Em janeiro deste ano, durante as comemorações do 165º aniversário da freguesia, o presidente da junta de Cortes do Meio, Jorge Viegas, lembrava que a ERSAR estava a fazer “uma pressão muito grande” para centralizar o serviço de água nas câmaras ou empresas municipais. “O cerco tem estado a apertar. Mas há uma garantia que eu deixo: a Junta de Freguesia não dará de barato aquilo que são as suas infraestruturas. Tem que haver a devida compensação” disse. O autarca assegurava que a freguesia faria “o finca pé necessário” para isso, e até admitia recorrer à via judicial, caso fosse necessário. “Esta é uma infraestrutura muito grande, que é da Junta, onde já foram investidos muitos milhares, e não será uma imposição da entidade reguladora que nos obrigará a entregar de um dia para o outro todo um património que não é meu, é da Junta” afirmava Jorge Viegas.

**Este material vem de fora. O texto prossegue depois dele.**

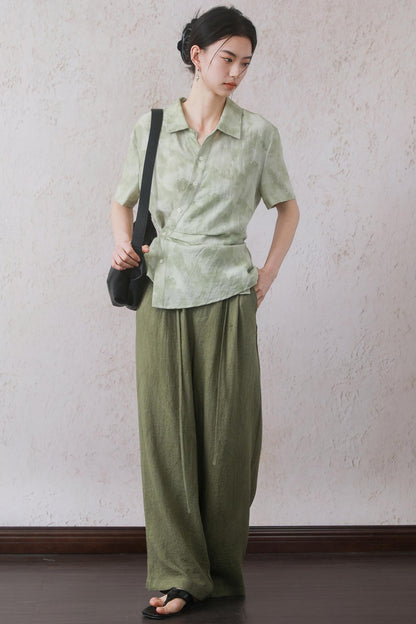 Tea Green Wide-Leg Pants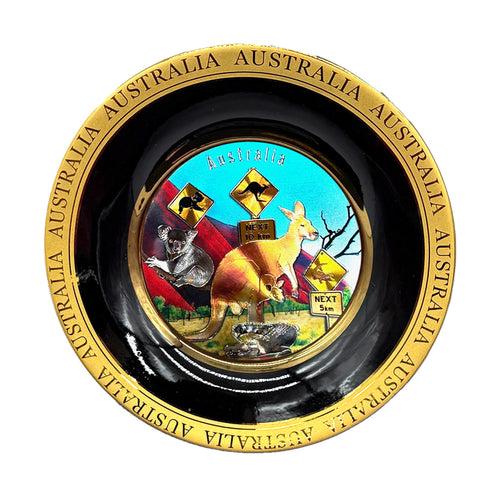 round plate shape; 3D centre design with Australian animals; black and gold coloured rim; bright blue background in centre;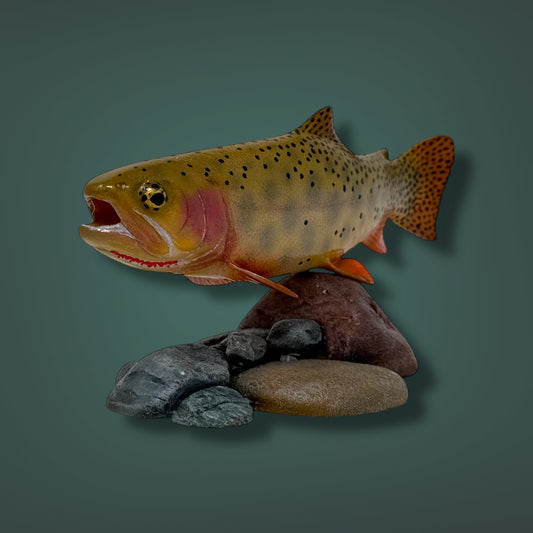 Cutthrout Trout 7” pedestal mount sculpture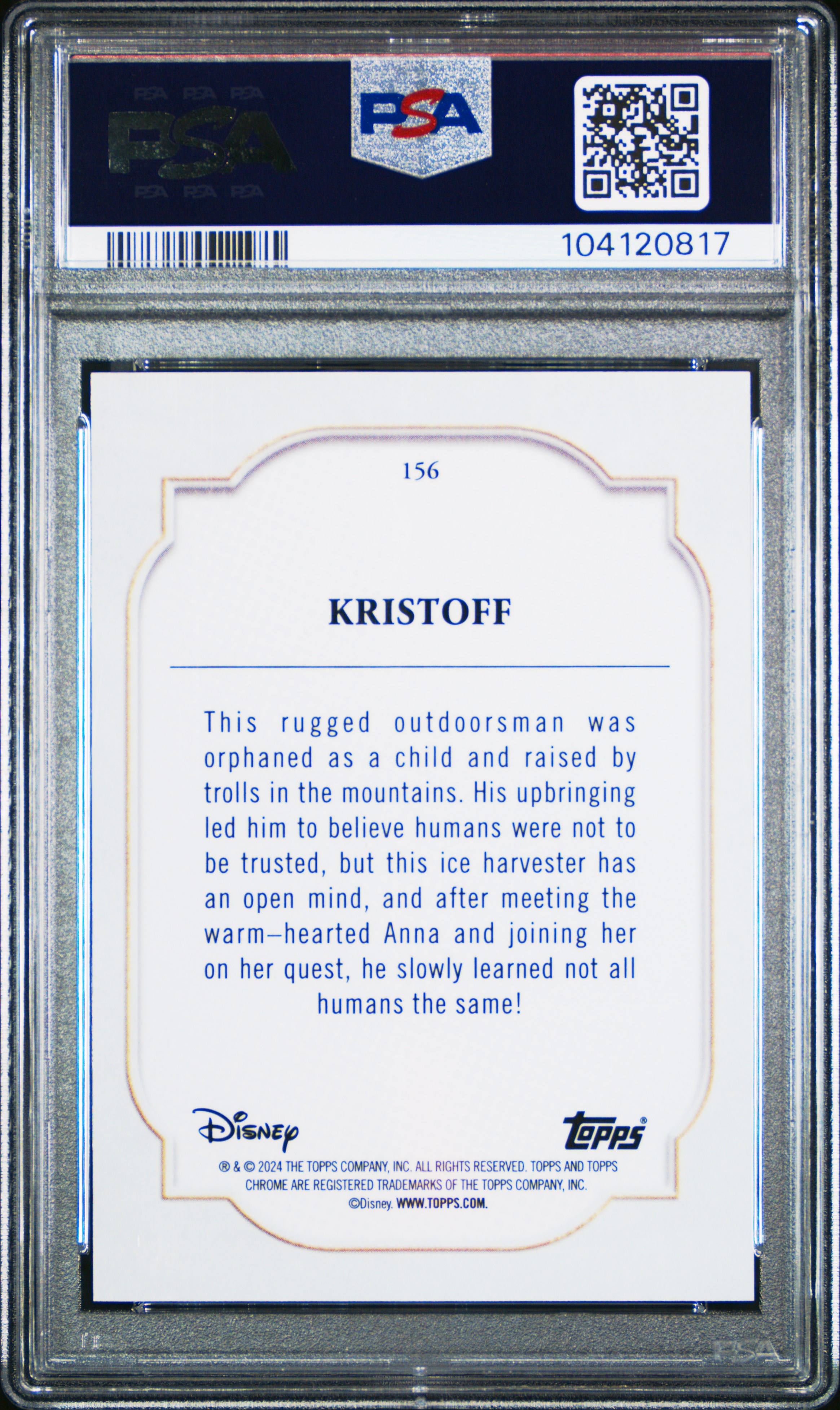 2024 Topps Chrome Disney Sapphire Edition Kristoff #156 (Orange) Gem Mt 10 back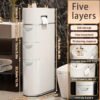 3/4/5-Tier White Narrow Gap Pull-Out Cabinet, Multi-Purpose Storage for Bathrooms, Kitchens, Living Rooms, Space-Saving Home Organizer, Storage Drawer Units Sourced from
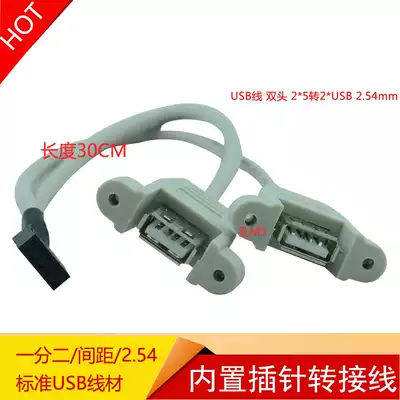 USB wire built-in small black clip USB2 0 interface length 30CM one minute two one connection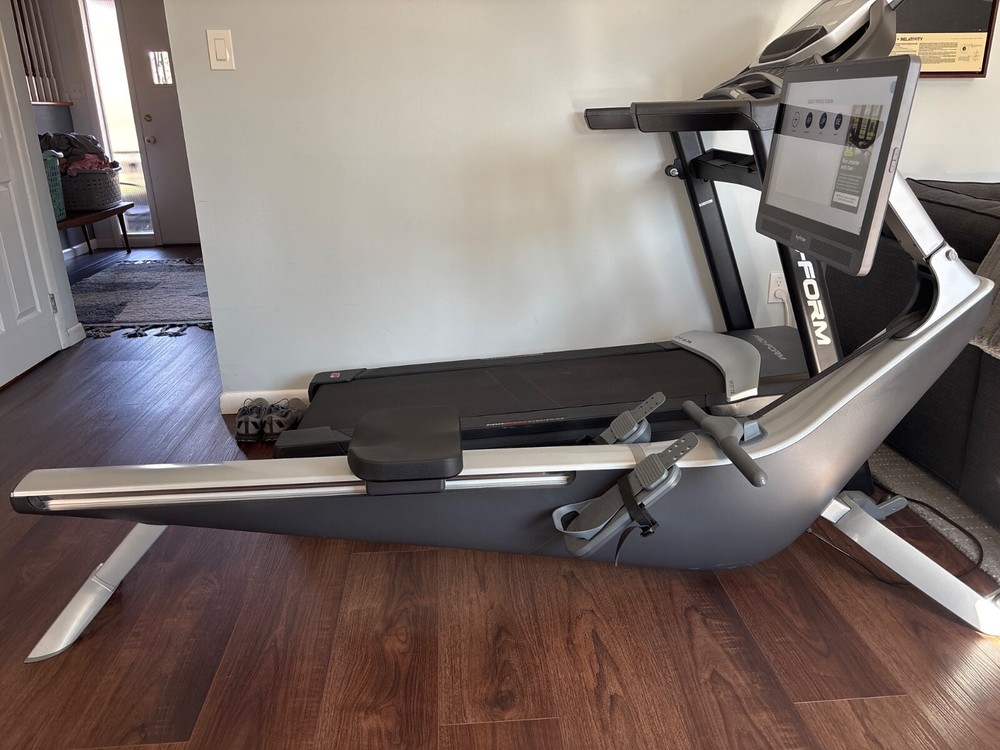 Pro Rowing Machine with Immersive 22" HD Rotating Screen - Stows Upright |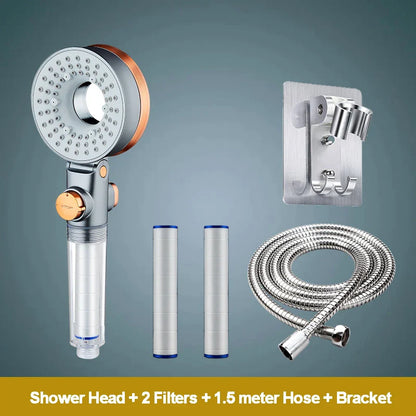 OrangeSpray Shower Head - Double-sided Hand Shower with 3 Spray Settings and Filter | Ymonde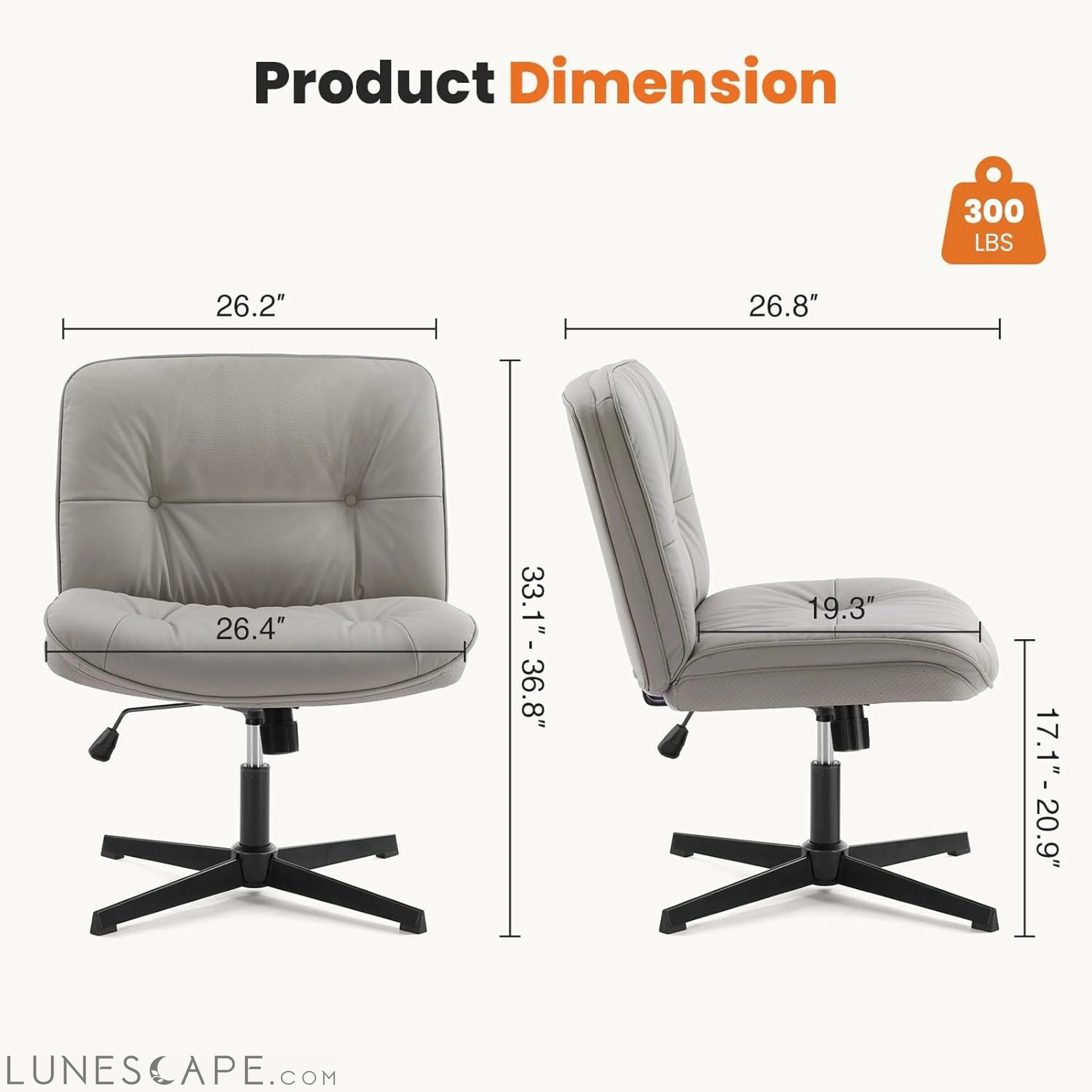 Criss Cross Legged Chair, Armless Office Desk Wide Seat No Wheels, LUNESCAPE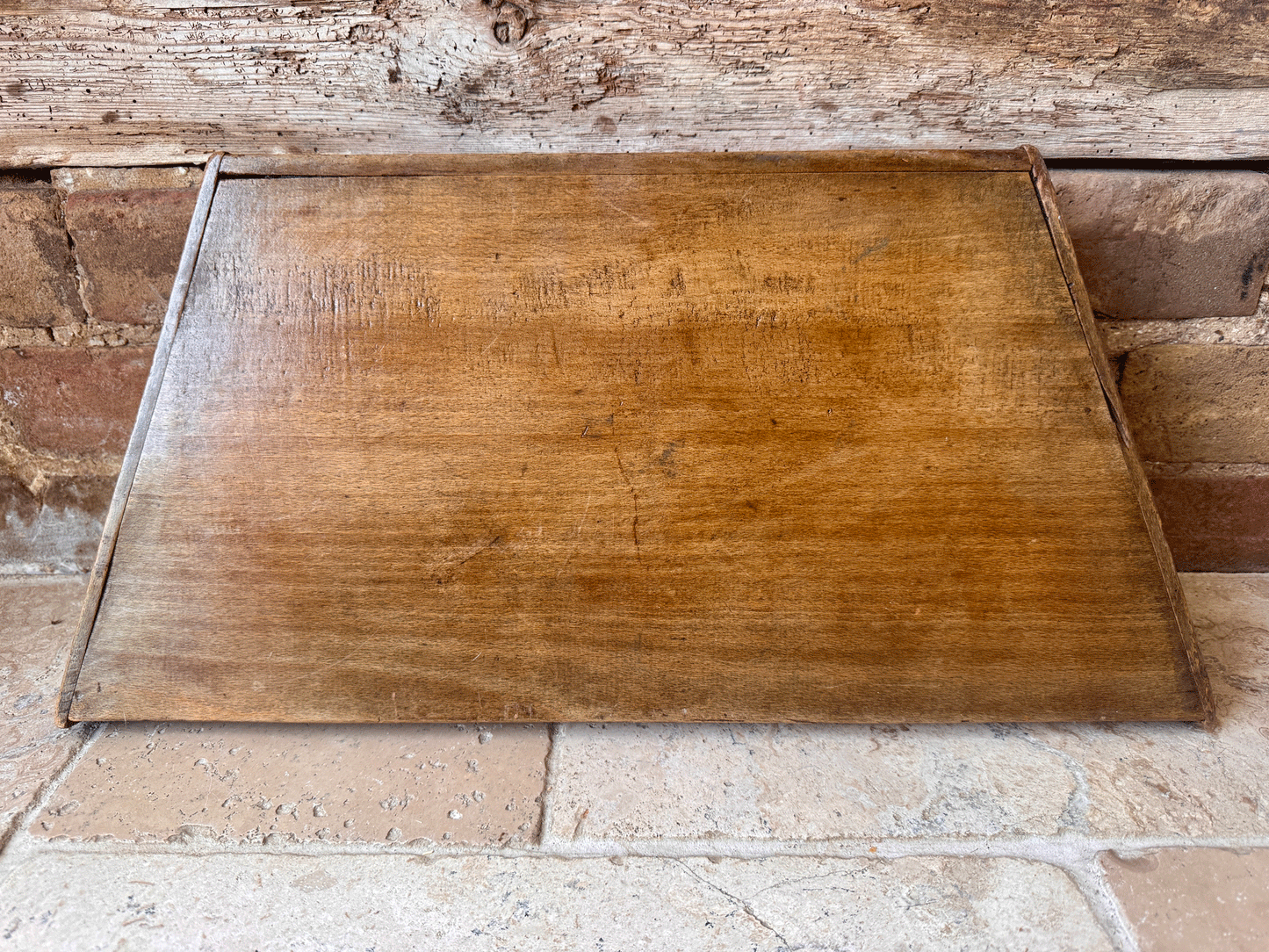 large antique french 19th century herb oak herb cutting chopping board sloped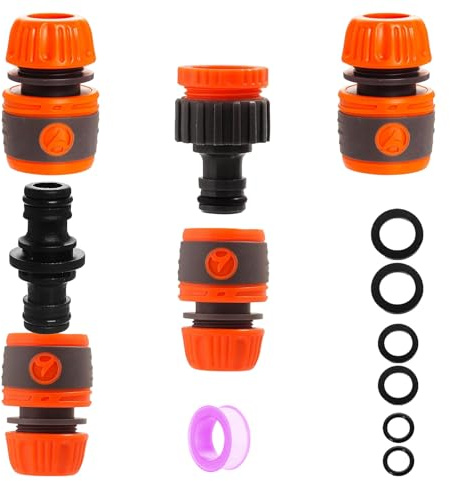 Garden Hose Connectors & Fittings Set - Outside Tap to Hosepipe Connectors for 1/2 & 3/4 Taps, Double Male Hose Connector, Quick Snap-On Hosepipe Fittings Kit + Tape & Seals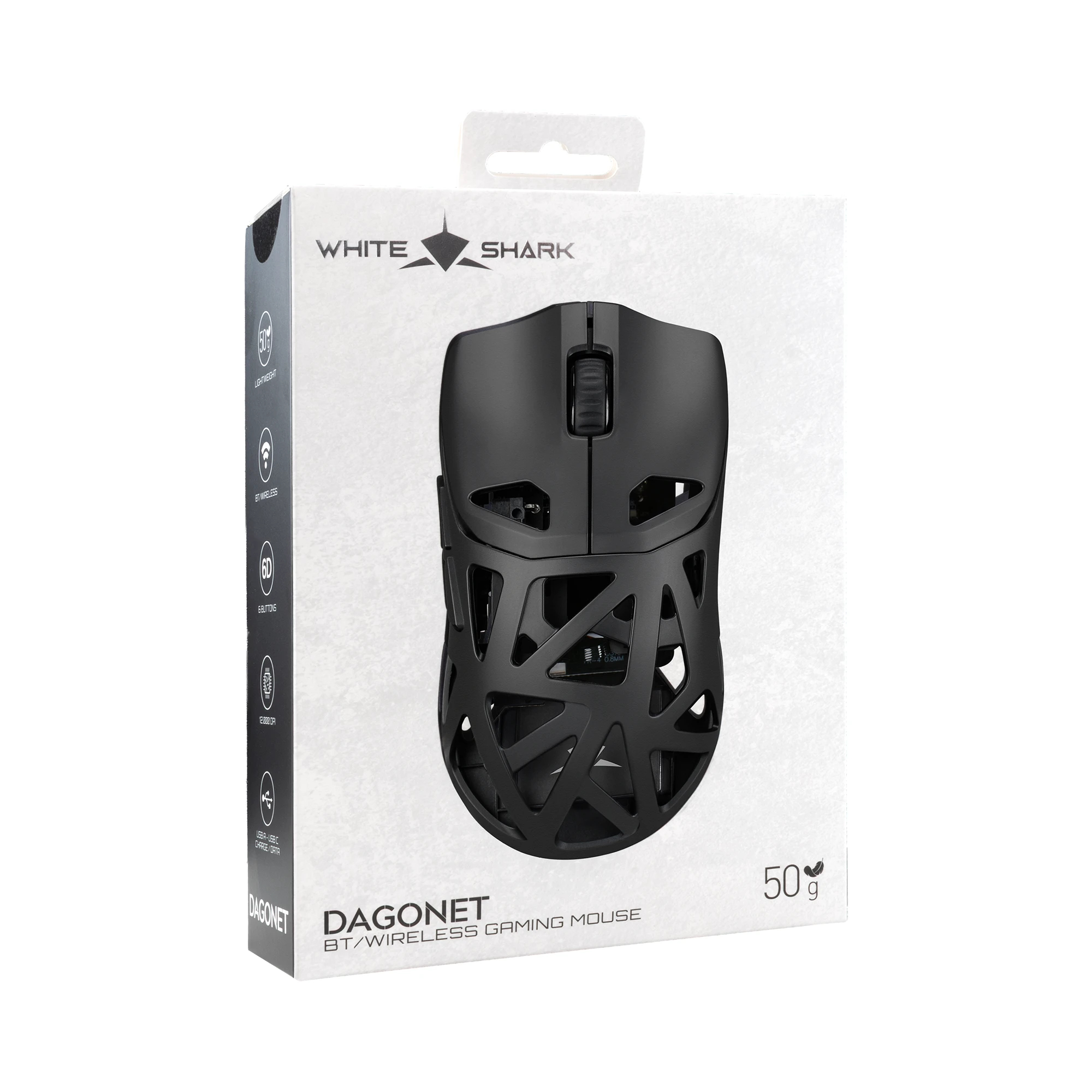 White Shark professional gaming mouse Wireless Gaming Mouse DAGONET 2 - 24000dpi, 1000Hz, Bluetooth, Black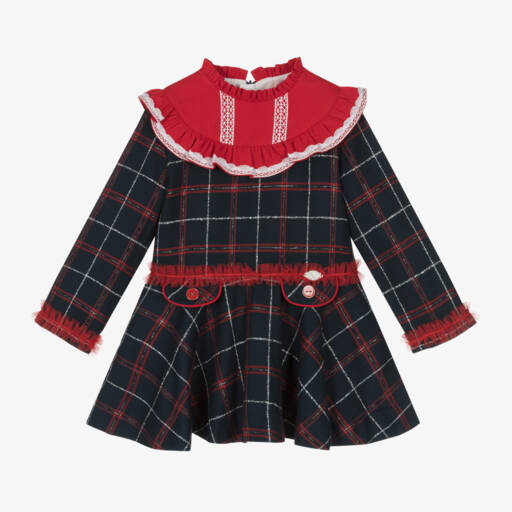 Miranda-Girls Checked Navy Dress | Childrensalon Outlet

Lembrando que esta era uma “mais-valia” da junta, que gerava uma receita “a ser bem empregue ao serviço dos fregueses”.

José Miguel Oliveira, vereador com a pasta das freguesias na autarquia covilhanense, lembrava que esta era “uma imposição legal” e que teria que haver um “trabalho conjunto” entre as juntas, câmara e ADC para uma transição “o mais suave possível para os habitantes”. Recordando que nestas localidades foram sempre as juntas a gerir o abastecimento de água, Oliveira salienta que hoje “há uma lei que preconiza que já não podem ser. Terão que ser indemnizadas pelo investimento que têm feito. A junta terá que ser um parceiro. Não é vontade da Câmara, nem da ADC, é uma imposição da entidade reguladora” assegura.